Welcome to Laugh Through The Payne. I was going to replace this week’s newsletter with a music video remix of Timber by Pitbull and Ke$ha about Confederate statues being torn down, but opted for the more traditional route instead. If you feel I should have made the music video instead, please don’t hesitate to let me know. Let’s get to it.
What the Hell Happened This Week?
As education and conversation regarding the Black Lives Matter movement carried on this week, a surprising voice stood out against racism as NASCAR banned Confederate flags and allowed its lone black driver, Bubba Wallace, to race in a BLM-themed car. Unsurprisingly, Wallace’s car wasn't the only thing making laps this week, as conversations with NASCAR fans regarding these “progressive” ideas seem to be going in circles too.
The future of gaming was announced on Thursday as Sony held a virtual unveiling of its next console, the PlayStation 5. The presentation ended up being quite sloppy, as much of it was thrown out and redone over the last week due to fears that the “Out with the black, in with the white” campaign wasn’t going to be received the way they intended.
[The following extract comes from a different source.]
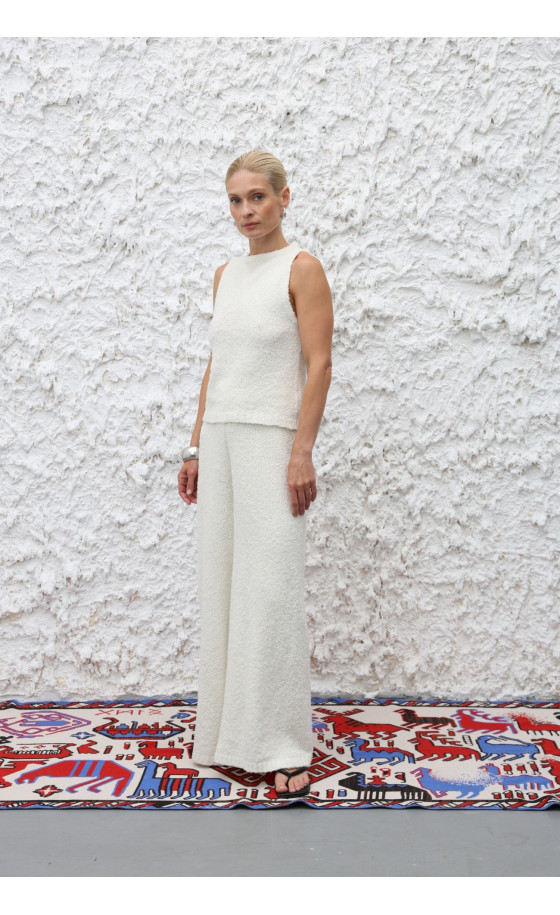 Топ L237 молочний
The fight against systemic racism is going on across every street in the nation right now, not excluding Sesame Street, as CNN co-hosted a town hall with the characters to discuss racial issues in the US. The program was received with rave reviews by parents and kids alike, but ruffled some feathers in the children’s television industry as some of the Muppets were reportedly upset about a rant where Elmo called the cops pigs.
Speaking of racism, Donald Trump is still our president, and he was back at it on Twitter this week praising his own performance and touting that crime is the lowest it’s ever been thus far in 2020, seemingly ignoring that there’s been a pandemic that has had people trapped inside. But hey, I guess we shouldn’t be too surprised, since pretending Coronavirus isn’t an issue is legally what you have to do to attend one of Trump’s rallies in June.
Across the nation this week, protesters began aiming their frustration at the existence of statues of Confederate leaders who were known for having and fighting for racist beliefs. Many southern Republicans were quick to push back on taking down these statues, citing that it’s foolish to ignore history. “You can’t forget where you came from” is a really powerful sentiment, that’s why I’m confident the Republican party will be just as loud in their defense of their last presidential nominee.
The statue issues aren’t limited to the South, as a statue of Christopher Columbus has been a hot topic in New York all week. Governor Andrew Cuomo said that he feels the statue should remain standing as it serves as a reminder of the Italian legacy on New York City. I couldn’t agree with the Governor more, if it wasn’t for a statue of Christopher Columbus, I’m not sure how we’d ever know that Italians had any cultural impact on New York City.
While on a company Zoom call this week, Crossfit CEO Greg Glassman told the group that he and his staff aren’t mourning the death of George Floyd in any way. Glassman understandably took a great deal of heat for his comments, but it should come as no surprise to any of us - if we know anything about people that do Crossfit it’s that they have absolutely no idea when to shut up.
With college football season fast approaching, the president at Ole Miss announced that he fully anticipates having full attendance for every game this fall. The school doesn’t plan to take any extra precautions with regard to Covid-19, but does plan to have a ticker on the scoreboard that pays tribute to all the ole misses and misters who died from catching the virus at a game.
The New York City Health Department released a set of guidelines on Thursday that aim to encourage citizens to have safe sexual interactions as the city reopens. The guidelines call for taking temperatures before hooking up, using protective barriers, avoiding kissing, and other drastic measures that would seem to take a lot of the romance out of sexual encounters. But hey, look on the bright side New Yorkers, safety and sexual interactions don’t have to be mutually exclusive - that’s why rectal thermometers were invented.